Monday I pulled the stiff, headless and gutless snake-like creature out of the freezer and examined it closely. I wish I had asked her to filet it as its ribs seemed to extend everywhere. The skin was smooth and viscous, like a snake, and difficult to hang onto. I could not figure out its anatomy and dismembering it was so stressful I had to get a glass of wine.

“Are you ok down there?” Luciano called down the stairs. I think he heard my fretful sighs.

“Yes.” I answered while spreading out the precious pieces of flesh out on the cookie sheet and covering them with sauce. And taking another swig of wine. No wonder sushi is so expensive. While the eel was broiling, I began assembling the California roll and shrimp nigiri. I had read on the internet that to make the shrimp remain stretched out flat, one only need skewer them lengthwise before cooking them in salted boiling water. Indeed it works like a charm. What a gas.

It all looked impressive and tasted great, in my opinion, for a first time attempt. Luciano was more tickled by how excited I was that for once, after again deciding to do some kind of experiment for an important meal, it had actually succeeded. So what if it took two months of planning and poking though the only three existing Chinese food stores in Treviso for ingredients? So what if it looked as if a culinary bomb had gone off in the kitchen. I had not only successfully transported a little of our Berkeley summer to Mareno di Piave, I had also surprised Luciano. Not an easy thing to do.

We took a plate next door so Anna Maria and Giancarlo could try sushi for the first time in their lives. I want to explain the ingredients to them, asking Luciano how to translate “seaweed”. He shook his head and said quietly, “It’s better if we don’t.”

Without hesitation, Giancarlo bit into a California roll. Instantly his face collapsed in on itself, his eyes scrunched up, his mouth puckered. He jumped up from the table and ran out the front door.
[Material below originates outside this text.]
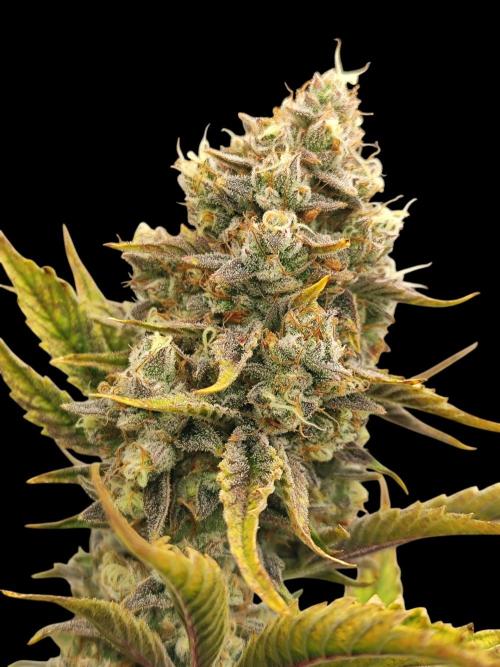 Auto Big Grape Dosa VEGAN GROW. Week 9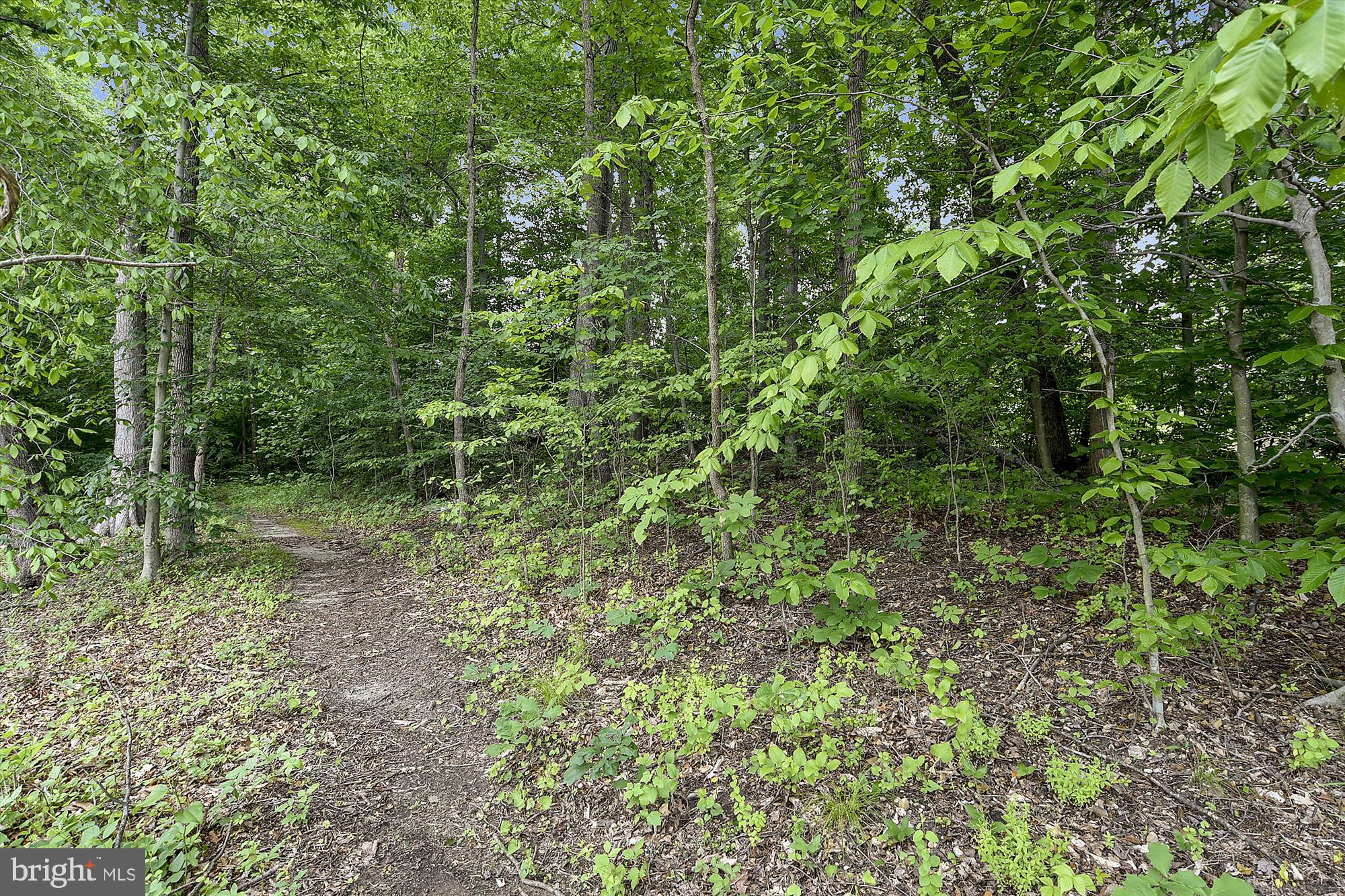 SOUTHBRIDGE - Residential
Campo”, said Anna Maria. Yet, despite this strong and somewhat negative reaction from Giancarlo, she nibbled some of the shrimp. “Hmm. It is ok, but a waste of good shrimp if you ask me”, she muttered to Luciano.

Yet, this did not hurt my feelings. I was very proud of them for even trying such a foreign food.

Giancarlo came back in the door, swept right through the room and up the stairs. We could hear him brushing his teeth, a pause, and then he came back down the stairs and back into the kitchen. Still wiping tears from his eyes, he gave the plate of remaining California rolls a wide berth and sat back down. We waited as he collected himself.

“Well,” he said, “It is not my favorite.”